La vie quitte la ville
Les immeubles. Des spectres sombres qui hantent les avenues vides, des silhouettes fatiguées bien ancrées dans le sol d’asphalte. Ils paraissent presque humains, tant ils sont les vestiges d’une époque où la main de l’homme actionnait de dociles machines. Aujourd’hui les machines s’actionnent les unes les autres, s’unissent dans des étreintes constructrices. Les sentiments sont déchus.
La main de l’homme est momifiée, pétrifiée. La main de l’homme n’est qu’un souvenir. Un souvenir vivace, agile, ailé, qui désormais s’ankylose sous une enveloppe de chair.
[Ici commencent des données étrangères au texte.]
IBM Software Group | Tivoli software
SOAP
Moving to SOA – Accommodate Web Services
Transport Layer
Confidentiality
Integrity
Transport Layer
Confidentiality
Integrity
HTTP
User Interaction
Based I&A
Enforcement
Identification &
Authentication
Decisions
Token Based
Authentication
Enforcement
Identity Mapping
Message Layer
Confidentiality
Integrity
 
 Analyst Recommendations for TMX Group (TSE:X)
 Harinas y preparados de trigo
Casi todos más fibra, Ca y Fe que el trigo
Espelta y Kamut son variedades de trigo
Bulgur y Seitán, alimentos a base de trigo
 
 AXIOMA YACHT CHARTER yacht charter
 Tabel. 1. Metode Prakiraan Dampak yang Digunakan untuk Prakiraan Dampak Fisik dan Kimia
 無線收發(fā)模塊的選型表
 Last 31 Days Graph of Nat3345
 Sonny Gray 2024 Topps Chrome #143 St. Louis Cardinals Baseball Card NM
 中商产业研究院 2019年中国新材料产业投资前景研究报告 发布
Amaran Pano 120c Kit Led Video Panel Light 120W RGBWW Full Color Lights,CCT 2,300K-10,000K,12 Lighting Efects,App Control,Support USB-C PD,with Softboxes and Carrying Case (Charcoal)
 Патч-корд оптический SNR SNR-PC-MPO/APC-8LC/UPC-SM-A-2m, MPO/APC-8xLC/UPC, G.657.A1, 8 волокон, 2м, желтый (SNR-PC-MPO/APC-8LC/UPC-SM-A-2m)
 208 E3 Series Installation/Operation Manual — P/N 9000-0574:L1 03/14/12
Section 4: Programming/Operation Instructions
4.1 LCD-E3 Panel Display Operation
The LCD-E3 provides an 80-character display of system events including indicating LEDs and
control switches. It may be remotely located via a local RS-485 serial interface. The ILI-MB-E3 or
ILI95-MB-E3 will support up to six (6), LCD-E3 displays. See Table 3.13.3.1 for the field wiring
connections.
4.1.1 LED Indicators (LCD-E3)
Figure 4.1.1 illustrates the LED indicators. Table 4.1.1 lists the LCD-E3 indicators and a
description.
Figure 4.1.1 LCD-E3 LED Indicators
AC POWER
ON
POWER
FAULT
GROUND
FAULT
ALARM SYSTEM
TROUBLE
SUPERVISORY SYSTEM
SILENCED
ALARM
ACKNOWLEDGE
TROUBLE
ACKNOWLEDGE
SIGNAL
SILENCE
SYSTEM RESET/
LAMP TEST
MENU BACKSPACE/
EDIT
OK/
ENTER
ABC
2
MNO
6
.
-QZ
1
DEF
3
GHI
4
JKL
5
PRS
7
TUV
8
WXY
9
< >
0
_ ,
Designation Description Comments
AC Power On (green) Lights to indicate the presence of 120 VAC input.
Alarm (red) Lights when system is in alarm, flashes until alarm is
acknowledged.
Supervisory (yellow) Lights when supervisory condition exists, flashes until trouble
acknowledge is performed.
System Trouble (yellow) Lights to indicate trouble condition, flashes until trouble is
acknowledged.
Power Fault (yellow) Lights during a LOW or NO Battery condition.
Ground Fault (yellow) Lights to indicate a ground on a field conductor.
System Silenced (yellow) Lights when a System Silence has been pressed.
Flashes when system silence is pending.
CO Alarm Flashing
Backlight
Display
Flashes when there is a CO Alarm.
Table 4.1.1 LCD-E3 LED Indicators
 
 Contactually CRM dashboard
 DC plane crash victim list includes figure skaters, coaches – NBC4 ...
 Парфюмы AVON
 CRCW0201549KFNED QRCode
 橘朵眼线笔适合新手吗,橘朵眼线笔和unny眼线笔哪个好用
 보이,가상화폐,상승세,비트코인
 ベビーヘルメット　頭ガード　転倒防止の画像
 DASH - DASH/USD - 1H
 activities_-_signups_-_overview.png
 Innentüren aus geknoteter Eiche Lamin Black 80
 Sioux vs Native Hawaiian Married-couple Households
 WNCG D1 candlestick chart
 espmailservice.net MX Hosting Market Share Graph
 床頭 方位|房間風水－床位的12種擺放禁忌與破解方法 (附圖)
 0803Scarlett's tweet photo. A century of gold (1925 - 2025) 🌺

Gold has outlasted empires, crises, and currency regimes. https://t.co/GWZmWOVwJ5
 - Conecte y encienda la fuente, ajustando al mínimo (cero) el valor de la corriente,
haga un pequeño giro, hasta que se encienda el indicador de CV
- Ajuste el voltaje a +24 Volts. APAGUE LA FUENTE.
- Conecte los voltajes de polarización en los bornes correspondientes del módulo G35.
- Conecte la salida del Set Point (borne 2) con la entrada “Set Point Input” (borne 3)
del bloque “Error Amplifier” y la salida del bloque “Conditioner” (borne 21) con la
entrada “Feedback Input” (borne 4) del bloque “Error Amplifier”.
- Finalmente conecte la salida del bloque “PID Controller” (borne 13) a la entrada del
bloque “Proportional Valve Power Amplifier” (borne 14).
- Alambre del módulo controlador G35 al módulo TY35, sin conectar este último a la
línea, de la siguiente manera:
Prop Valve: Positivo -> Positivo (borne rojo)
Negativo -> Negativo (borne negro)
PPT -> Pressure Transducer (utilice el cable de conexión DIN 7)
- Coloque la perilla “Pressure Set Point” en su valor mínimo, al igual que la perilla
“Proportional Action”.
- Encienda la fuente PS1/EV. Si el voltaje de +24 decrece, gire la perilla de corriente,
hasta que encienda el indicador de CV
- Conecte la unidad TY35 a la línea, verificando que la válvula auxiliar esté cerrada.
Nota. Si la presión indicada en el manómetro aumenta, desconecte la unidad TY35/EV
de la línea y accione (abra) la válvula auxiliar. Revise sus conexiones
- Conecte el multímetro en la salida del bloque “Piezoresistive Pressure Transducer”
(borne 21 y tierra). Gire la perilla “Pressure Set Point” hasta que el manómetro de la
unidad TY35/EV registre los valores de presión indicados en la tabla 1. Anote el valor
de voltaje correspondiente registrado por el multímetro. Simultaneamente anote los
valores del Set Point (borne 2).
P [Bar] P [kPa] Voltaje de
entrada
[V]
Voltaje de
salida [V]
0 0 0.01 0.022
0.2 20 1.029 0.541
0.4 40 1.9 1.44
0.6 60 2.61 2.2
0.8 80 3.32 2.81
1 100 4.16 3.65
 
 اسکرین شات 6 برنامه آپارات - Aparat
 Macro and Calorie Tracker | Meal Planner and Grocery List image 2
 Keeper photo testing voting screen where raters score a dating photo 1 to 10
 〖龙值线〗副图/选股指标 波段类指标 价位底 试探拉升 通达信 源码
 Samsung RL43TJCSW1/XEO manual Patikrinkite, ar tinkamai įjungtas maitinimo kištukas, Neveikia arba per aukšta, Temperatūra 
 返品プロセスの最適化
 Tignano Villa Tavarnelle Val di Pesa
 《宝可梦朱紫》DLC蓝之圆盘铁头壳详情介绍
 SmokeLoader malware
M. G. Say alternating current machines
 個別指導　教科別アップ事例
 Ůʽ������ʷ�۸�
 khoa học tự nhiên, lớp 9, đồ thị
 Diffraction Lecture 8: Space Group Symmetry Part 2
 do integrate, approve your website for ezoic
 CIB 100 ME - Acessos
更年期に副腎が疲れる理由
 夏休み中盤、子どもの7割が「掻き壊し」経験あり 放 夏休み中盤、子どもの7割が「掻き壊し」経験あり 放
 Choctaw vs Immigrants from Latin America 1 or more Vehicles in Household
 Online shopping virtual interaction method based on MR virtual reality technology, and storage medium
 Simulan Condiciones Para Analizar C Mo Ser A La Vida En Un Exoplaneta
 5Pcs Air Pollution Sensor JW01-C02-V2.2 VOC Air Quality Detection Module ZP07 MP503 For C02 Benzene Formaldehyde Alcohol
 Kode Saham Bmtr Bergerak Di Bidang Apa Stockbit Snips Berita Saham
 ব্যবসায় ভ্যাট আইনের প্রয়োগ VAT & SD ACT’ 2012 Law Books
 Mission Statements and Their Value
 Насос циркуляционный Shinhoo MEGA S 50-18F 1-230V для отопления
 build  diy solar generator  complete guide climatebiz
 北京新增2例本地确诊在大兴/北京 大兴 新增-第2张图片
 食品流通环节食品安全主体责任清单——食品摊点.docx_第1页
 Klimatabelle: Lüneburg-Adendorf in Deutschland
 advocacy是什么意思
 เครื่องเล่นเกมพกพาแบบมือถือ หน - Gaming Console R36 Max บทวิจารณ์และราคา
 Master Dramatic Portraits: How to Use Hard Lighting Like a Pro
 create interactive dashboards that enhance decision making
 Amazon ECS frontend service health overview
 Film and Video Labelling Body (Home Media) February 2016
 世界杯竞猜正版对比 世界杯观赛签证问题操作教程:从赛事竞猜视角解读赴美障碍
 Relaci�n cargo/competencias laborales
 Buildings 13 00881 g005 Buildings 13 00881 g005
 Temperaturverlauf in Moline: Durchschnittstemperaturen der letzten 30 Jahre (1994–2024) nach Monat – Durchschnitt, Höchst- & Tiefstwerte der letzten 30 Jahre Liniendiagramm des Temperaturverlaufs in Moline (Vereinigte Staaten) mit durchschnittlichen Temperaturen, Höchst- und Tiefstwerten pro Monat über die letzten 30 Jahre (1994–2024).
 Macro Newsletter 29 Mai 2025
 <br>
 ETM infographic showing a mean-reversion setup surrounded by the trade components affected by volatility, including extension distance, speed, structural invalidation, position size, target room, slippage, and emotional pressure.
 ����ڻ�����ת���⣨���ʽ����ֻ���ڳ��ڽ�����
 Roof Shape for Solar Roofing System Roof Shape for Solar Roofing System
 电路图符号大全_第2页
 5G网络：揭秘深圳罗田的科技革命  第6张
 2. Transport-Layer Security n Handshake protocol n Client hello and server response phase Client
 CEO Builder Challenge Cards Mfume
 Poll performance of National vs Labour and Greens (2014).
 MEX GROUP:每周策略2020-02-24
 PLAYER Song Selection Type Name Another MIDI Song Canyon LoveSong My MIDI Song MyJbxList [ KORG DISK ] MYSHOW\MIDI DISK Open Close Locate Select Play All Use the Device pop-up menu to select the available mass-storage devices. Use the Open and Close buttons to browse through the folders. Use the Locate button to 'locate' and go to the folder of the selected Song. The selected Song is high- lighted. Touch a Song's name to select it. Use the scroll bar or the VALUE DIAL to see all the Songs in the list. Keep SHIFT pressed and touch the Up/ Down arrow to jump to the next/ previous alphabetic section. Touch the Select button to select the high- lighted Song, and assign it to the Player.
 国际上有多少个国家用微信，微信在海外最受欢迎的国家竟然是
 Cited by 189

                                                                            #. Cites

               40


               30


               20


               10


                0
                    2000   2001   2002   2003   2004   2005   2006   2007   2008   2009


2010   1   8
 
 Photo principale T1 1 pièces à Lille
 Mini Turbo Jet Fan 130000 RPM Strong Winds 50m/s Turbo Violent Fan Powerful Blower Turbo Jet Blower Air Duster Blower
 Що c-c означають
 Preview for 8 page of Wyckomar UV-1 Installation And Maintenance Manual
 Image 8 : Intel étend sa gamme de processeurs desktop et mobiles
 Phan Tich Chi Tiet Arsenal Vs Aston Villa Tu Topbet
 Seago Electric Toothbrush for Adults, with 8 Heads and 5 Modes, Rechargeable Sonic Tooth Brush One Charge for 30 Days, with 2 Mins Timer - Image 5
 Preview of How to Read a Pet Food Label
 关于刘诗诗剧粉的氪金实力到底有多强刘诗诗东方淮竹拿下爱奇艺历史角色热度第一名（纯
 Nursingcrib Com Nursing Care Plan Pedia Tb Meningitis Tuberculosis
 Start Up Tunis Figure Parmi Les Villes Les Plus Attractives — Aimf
Les doigts ne bougent plus. Ils se souviennent, peut-être, dans leur petite mémoire tactile, qu’un jour ils ont été. Un jour ils ont bougé, touché, vécu. Les doigts pleurent.
Les immeubles, de l’extérieur, sont à l’abandon. De l’extérieur on pourrait croire qu’il n’y vit plus personne. Ce serait vrai. Car, derrière les façades épaisses, poussiéreuses, fissurées, épuisées, ce n’est pas vraiment de la vie qui s’agite. Juste un grésillement. Presque un silence. Et des êtres. Des êtres qui ne sont plus.
On ne sait pas si les immeubles s’écrouleront un jour, sous le poids de leur propre asthénie, lassés de ne plus être chatouillés par l’agitation humaine. Ils auront leur revanche. Ils s’écrouleront. On espère.
Le grésillement. Le silence. Toujours. Insupportable. Plus personne pour ne plus supporter. Tout le monde supporte tous ces êtres déjà morts.